Specifically, in the present embodiment, the data set is used to perform image warping and random rotation operations for feature enhancement; wherein the training dataset comprises a partial Pascal VOC2007 dataset, a coco dataset, and a self-made dataset, total 19900; meanwhile, the data set is converted into a data format which is convenient for YOLO processing, and the method mainly comprises the following steps: and (3) converting the coco data set label format into an xml format, wherein the homemade data set is also labeled into the xml format, and the VOC2007 data set is not subjected to format processing.
In the embodiment, the virtual environment is built mainly through anaconda and named as a torch, the torch environment is activated through activate, a Pythroch version and other required toolkits are installed, and the GPU computing capacity is called to accelerate training in order to accelerate training efficiency and fully utilize existing hardware equipment. And compiling by adopting Pycharm as ide, creating project engineering files in the Pycharm, and calling the newly created torch environment in setting.

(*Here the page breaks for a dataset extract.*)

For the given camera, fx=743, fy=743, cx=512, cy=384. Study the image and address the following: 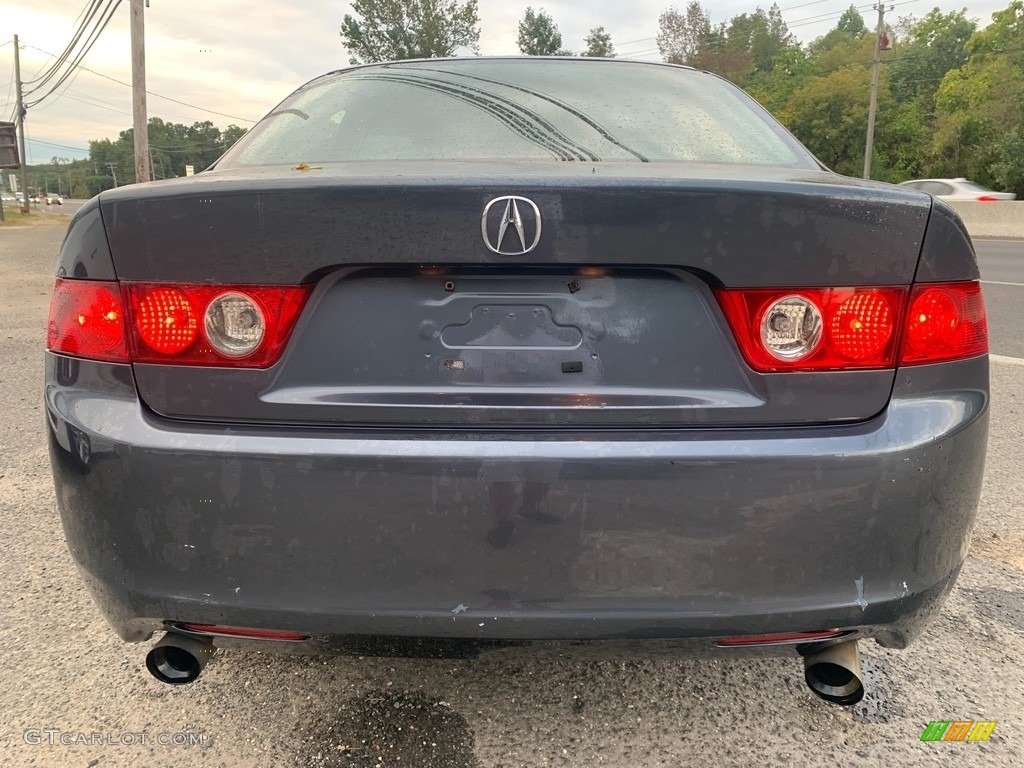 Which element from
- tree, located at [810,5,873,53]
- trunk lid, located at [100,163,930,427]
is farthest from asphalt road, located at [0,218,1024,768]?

In this embodiment, python may be selected as a programming language, a main folder named YOLO-trans-master is created in Pycharm, and subfolders named nets, utils, img, model _ data, logs and input are created under the main file respectively; the network comprises nets, wherein the nets store subprograms of a network structure and a loss function, and the subprograms comprise executable files of dakenet.py, Yolo-tracing.py and Yolo.py, wherein the Darknet.py compiles the network structure of an improved backbone network, the Yolo.py compiles the network structure of multi-scale feature extraction, and the Yolo-tracing.py compiles a calculation method of the loss function; storing executable files dataloader. py of data set preprocessing and executable files util.py of anchor regression method in utils, storing data and xml label files in executable files config.py of anchor size and type number, storing weight files generated in the training process in logs, and storing detection results of anchors in the training and ground-route in input. In addition, executable files for training, testing, MAP generation and data set format conversion are directly placed under the main folder, and compiling work is completed by calling the classes in the subfolders.

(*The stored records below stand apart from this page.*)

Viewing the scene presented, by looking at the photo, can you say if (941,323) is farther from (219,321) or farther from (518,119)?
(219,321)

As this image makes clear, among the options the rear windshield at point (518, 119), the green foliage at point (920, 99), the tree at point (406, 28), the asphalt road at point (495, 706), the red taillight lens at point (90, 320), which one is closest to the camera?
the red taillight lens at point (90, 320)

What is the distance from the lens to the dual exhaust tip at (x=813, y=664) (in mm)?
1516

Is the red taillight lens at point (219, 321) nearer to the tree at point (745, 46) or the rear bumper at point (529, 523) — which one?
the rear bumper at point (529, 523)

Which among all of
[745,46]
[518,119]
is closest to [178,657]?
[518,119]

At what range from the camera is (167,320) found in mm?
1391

In this embodiment, the training platform may be configured as: the adopted operating system is window10, and the hardware configuration is specifically a computer of NVIDIA GeForce RTX 2060(6G) and AMD Ryzen 74800H with radio Graphics; and (3) training 150 epochs, wherein the first 40 epochs are the training process of freezing the backbone network, 40-150 are the training processes of all network structures, the batch size is set to be 6, the total training time is 36 hours, and the trained model weight file is applied to the MAP executable file to obtain a result. And applying the trained model weight file to the test executable file to obtain the detection effect.
Example 3:
the embodiment provides a road target detection system, which comprises a data acquisition module and a target detection module;
the data acquisition module configured to: acquiring road related image information;
the object detection module configured to: obtaining a road target detection result according to the acquired image information and a preset road target detection model;
the road target detection model is obtained by adopting a deep network learning method; in the model, a cavity receptive field module which integrates cavity convolution and depth separable convolution is added, when down-sampling operation is carried out on the characteristic diagram, convolution operation with different cavity rates is carried out by adopting three branches, and only one cavity convolution operation is carried out on each branch.
Example 4:
the present embodiment provides a computer-readable storage medium on which a computer program is stored, which when executed by a processor, implements the steps of the road object detection method described in embodiment 1.
Example 5:
this embodiment provides an electronic device, which includes a memory, a processor, and a computer program stored in the memory and executable on the processor, and when the processor executes the program, the steps of the road object detection method described in embodiment 1 are implemented.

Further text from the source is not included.